DIRECTIONS: Nothing less than an exact copy of all the records is required.

SUPPLIED RECORDS:
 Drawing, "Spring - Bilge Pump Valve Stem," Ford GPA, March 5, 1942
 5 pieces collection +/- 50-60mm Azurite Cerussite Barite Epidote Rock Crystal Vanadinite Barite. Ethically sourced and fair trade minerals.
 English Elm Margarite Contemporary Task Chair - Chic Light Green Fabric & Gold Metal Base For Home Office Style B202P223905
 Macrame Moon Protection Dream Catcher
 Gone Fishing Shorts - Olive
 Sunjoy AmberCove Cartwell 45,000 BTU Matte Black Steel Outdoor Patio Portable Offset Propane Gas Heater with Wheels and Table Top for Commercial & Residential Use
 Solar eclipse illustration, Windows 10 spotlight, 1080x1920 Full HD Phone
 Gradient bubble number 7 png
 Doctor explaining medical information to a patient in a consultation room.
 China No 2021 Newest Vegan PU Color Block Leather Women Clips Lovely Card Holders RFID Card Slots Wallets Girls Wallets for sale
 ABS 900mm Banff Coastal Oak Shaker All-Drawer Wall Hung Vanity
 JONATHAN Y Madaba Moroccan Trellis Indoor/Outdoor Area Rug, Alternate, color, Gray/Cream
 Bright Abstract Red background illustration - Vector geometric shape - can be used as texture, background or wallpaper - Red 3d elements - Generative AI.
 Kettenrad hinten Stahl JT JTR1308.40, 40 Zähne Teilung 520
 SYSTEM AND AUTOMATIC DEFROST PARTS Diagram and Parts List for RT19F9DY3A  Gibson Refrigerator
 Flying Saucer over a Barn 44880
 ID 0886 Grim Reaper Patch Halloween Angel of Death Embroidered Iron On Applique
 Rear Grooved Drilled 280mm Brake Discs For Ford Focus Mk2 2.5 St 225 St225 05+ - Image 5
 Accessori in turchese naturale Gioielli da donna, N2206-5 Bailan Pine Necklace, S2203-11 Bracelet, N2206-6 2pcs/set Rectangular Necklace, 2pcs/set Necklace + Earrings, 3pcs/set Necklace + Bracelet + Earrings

OUTPUT FOR THIS EXERCISE:
 Drawing, "Spring - Bilge Pump Valve Stem," Ford GPA, March 5, 1942
 5 pieces collection +/- 50-60mm Azurite Cerussite Barite Epidote Rock Crystal Vanadinite Barite. Ethically sourced and fair trade minerals.
 English Elm Margarite Contemporary Task Chair - Chic Light Green Fabric & Gold Metal Base For Home Office Style B202P223905
 Macrame Moon Protection Dream Catcher
 Gone Fishing Shorts - Olive
 Sunjoy AmberCove Cartwell 45,000 BTU Matte Black Steel Outdoor Patio Portable Offset Propane Gas Heater with Wheels and Table Top for Commercial & Residential Use
 Solar eclipse illustration, Windows 10 spotlight, 1080x1920 Full HD Phone
 Gradient bubble number 7 png
 Doctor explaining medical information to a patient in a consultation room.
 China No 2021 Newest Vegan PU Color Block Leather Women Clips Lovely Card Holders RFID Card Slots Wallets Girls Wallets for sale
 ABS 900mm Banff Coastal Oak Shaker All-Drawer Wall Hung Vanity
 JONATHAN Y Madaba Moroccan Trellis Indoor/Outdoor Area Rug, Alternate, color, Gray/Cream
 Bright Abstract Red background illustration - Vector geometric shape - can be used as texture, background or wallpaper - Red 3d elements - Generative AI.
 Kettenrad hinten Stahl JT JTR1308.40, 40 Zähne Teilung 520
 SYSTEM AND AUTOMATIC DEFROST PARTS Diagram and Parts List for RT19F9DY3A  Gibson Refrigerator
 Flying Saucer over a Barn 44880
 ID 0886 Grim Reaper Patch Halloween Angel of Death Embroidered Iron On Applique
 Rear Grooved Drilled 280mm Brake Discs For Ford Focus Mk2 2.5 St 225 St225 05+ - Image 5
 Accessori in turchese naturale Gioielli da donna, N2206-5 Bailan Pine Necklace, S2203-11 Bracelet, N2206-6 2pcs/set Rectangular Necklace, 2pcs/set Necklace + Earrings, 3pcs/set Necklace + Bracelet + Earrings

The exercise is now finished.